A response to the closing raps of Floetry’s 2002 cut, “Ms. Stress," this was not an uplifting mantra for getting over a failed relationship, but instead one for truly embracing life. Stewart drove the point home as she touched on a number of sobering issues plaguing our nation—the Charleston massacre, the rash of church conflagrations over the past month, systemic police brutality.
“We're living in a time where our children aren't safe from the police,” Stewart told the crowd before asking the duo’s fans to affirm her words of living now, also explored during a moving performance of “Hey You.”
The reality of race-related problems reared its head during the previous set, too, when New Jersey-bred singer-songwriter Eric Roberson acknowledged that South Carolina had at last removed the Confederate flag from its capital.
But it was a night of celebration for every name on the lineup, too. After nearly a decade apart, Floetry patched up whatever caused their split. They appeared buoyant and, more importantly, wonderfully in sync throughout their headlining performance.
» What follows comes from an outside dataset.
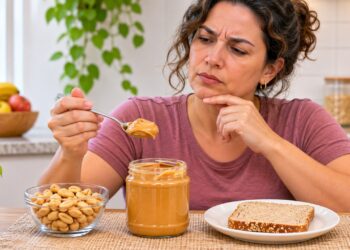 Amendoim e pasta de amendoim oferecem nutrientes semelhantes, mas os ingredientes e o tamanho das porções fazem diferença.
Stewart and Floetry teammate Marsha “The Songstress” Ambrosius
tore through fan favorites such as “Say Yes” and “Supastar,” while also dipping into their solo catalogues.
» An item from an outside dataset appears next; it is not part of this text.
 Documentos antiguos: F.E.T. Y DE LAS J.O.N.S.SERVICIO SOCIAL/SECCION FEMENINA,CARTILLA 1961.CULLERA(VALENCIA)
Where Stewart’s solo set was centered on words of inspiration, the self-proclaimed “classy ratchet” Ambrosius opted for the more humorous, sensual side with "Hope She Cheats On You (With A Basketball Player)" and “Your Hands.” The bedroom-themed vibes continued when Stewart rejoined her cohort, particularly for “Getting Late."
Roberson’s set, which was sandwiched between that of Floetry and openers The Foreign Exchange, brimmed with humor and showmanship. He may not be a household name, but his effortless vocals and sharp wit won the audience. A hilarious, R&B-tinged mini-set of covers didn't hurt. From Biggie’s “Big Poppa” through A Tribe Called Quest’s “Electric Relaxation,” the entire crowd’s energy (and enjoyment) was palpable. And sure enough, everyone remained on Roberson's side during performances of the Boomerang
-referencing “Mark On Me,” banter-filled “Borrow You,” and the closing track, in which he created an absurd new number based on words provided by the attendees—“bootymeat” and “sidepiece,” among them.
The night’s ebullience wouldn’t have been possible without The Foreign Exchange, who kicked off the show with one of their tightest sets to date. They mixed newer tunes (“The Moment,” “So What If It Is”) and older jams (“Take Off the Blues,” “Daykeeper”). There were covers here, too—Jungle Brothers’ “I’ll House You” and Migos’ “Handsome and Wealthy." Those were segues and accents rather than standalone performances.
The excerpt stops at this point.